My name is Michael Fox and I am a Shephy addict. It’s not too late to save yourself. Run while you can.

Shephy is a game about gathering as many sheep as you can. What I didn’t originally know is that, according to the charmingly strange story on the back of the rules sheet, the game is actually set in a post-apocalyptic world where there are no humans – the sheep have taken over, but despite seemingly being the dominant force on the planet, there is still danger around every corner. Whether it’s meteors crushing part of your flock, overcrowding that sees some of your sheep fall off a cliff or, most terrifying of all, the rise of an ovine-specific Great Old One called Shephion, your target of getting to 1000 sheep in your fields is going to be quite the challenge.

So many sheep! The one in the bottom left is the Enemy  Sheep, rotated 1/4 anti-clockwise after each run through of the Event Cards deck.

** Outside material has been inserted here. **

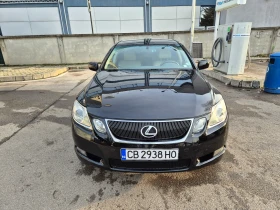 Lexus GS 300 | Mobile.bg    2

So many sheep! The one in the bottom left is the Enemy Sheep, rotated 1/4 anti-clockwise after each run through of the Event Cards deck.

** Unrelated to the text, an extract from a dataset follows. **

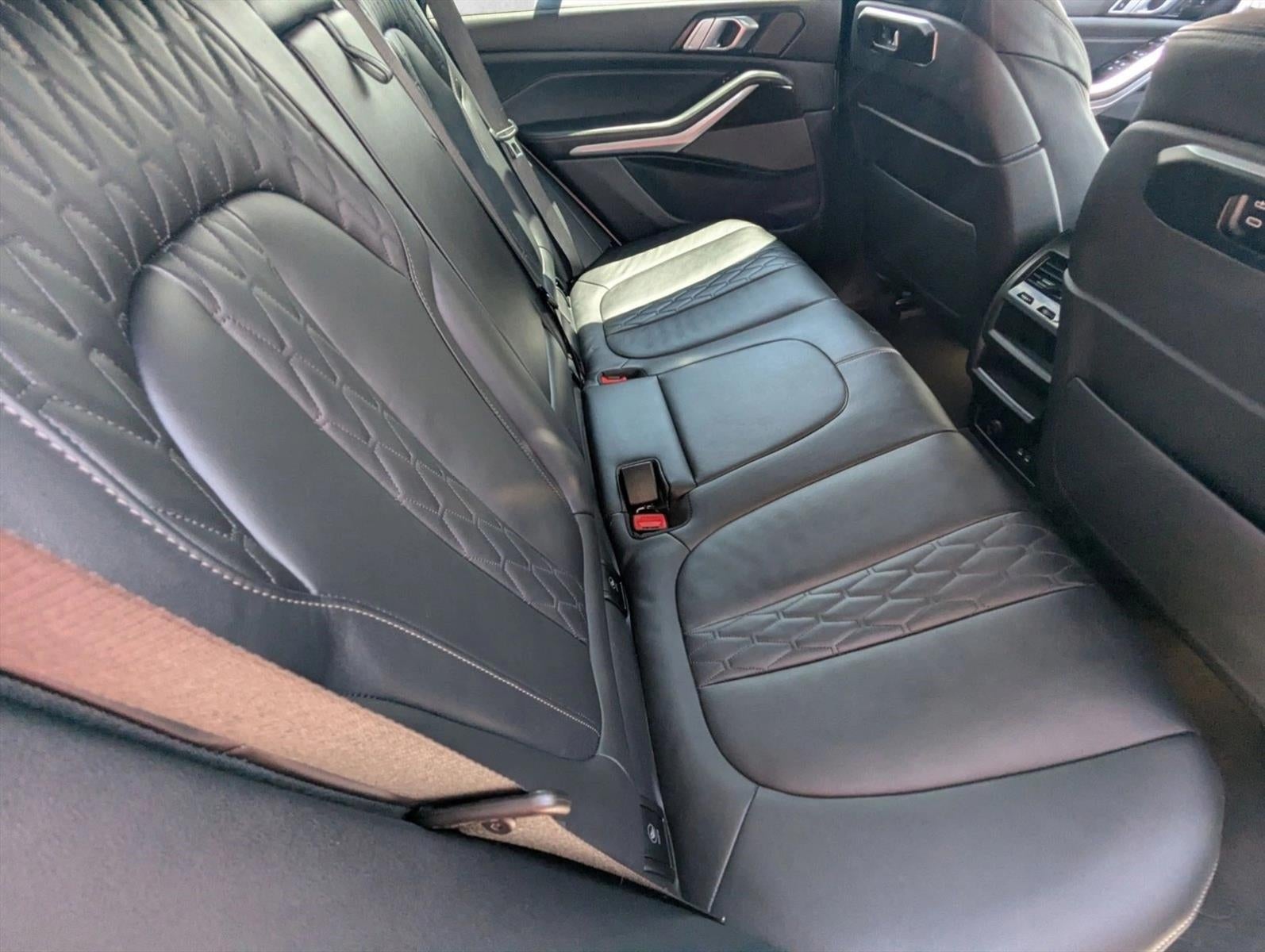 2024 BMW X5 xDrive40i Sports Activity Vehicle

So, how does the game work? Well, it’s all about managing two things – the  “field” that will hopefully contain a maximum of seven Sheep cards, and the Event Deck that will both help and hinder you. The game begins with you drawing five cards from the stack and a single 1 Sheep card in the field. The other Sheep cards have values of 3, 10, 30, 100, 300 and 1,000, and cards can be combined through some of the Events that pop up, freeing up space in the field and allowing you to bring more sheep into your flock.

Each turn sees you choosing one of the Event cards in front of you which you must follow, place on the discard pile and then refill your hand to five cards. As you slowly work your way through the twenty-two Event cards, the actions you take may duplicate your Sheep cards that are already in play, introduce new ones and  even upgrade them to higher levels. Once you get all the way through the deck – assuming you actually manage to do so, for it’s pretty tough – you’ll rotate the included Black Sheep card to show that your enemy tribe has managed to increase their numbers. Play through the deck three times or end up with no sheep in the field at any time and the game is over. If you’ve got over 1000 sheep in your field, then you’re a winner (but you can continue to play as you bid to get an even higher score). Anything less and you’ve failed.

In all honesty, that’s pretty much it, and reading back it may appear at first glance that Shephy is a straightforward, basic affair. However, once you get past your first terrifyingly confusing play, wondering what the hell is going on and why you died after the eighth card, the game will get its claws into you. Trying to work out the optimal play will become an obsession – maximising the positive cards that are available to you while trying to rid yourself of the overpowered negative ones is hard, but certainly possible. Of course, some choices are pretty obvious – for example, if you don’t chuck out the Shephion card in the first round of play you’ll lose automatically, so the criticisms that the game does has an element of solveability (if that’s even a word) are valid. However, this isn’t really an issue – there are so many bloody awful cards that scupper your plans, any chance of solving the game is ruined most of the time, but not to the degree of every game feeling unfair. Just most of them.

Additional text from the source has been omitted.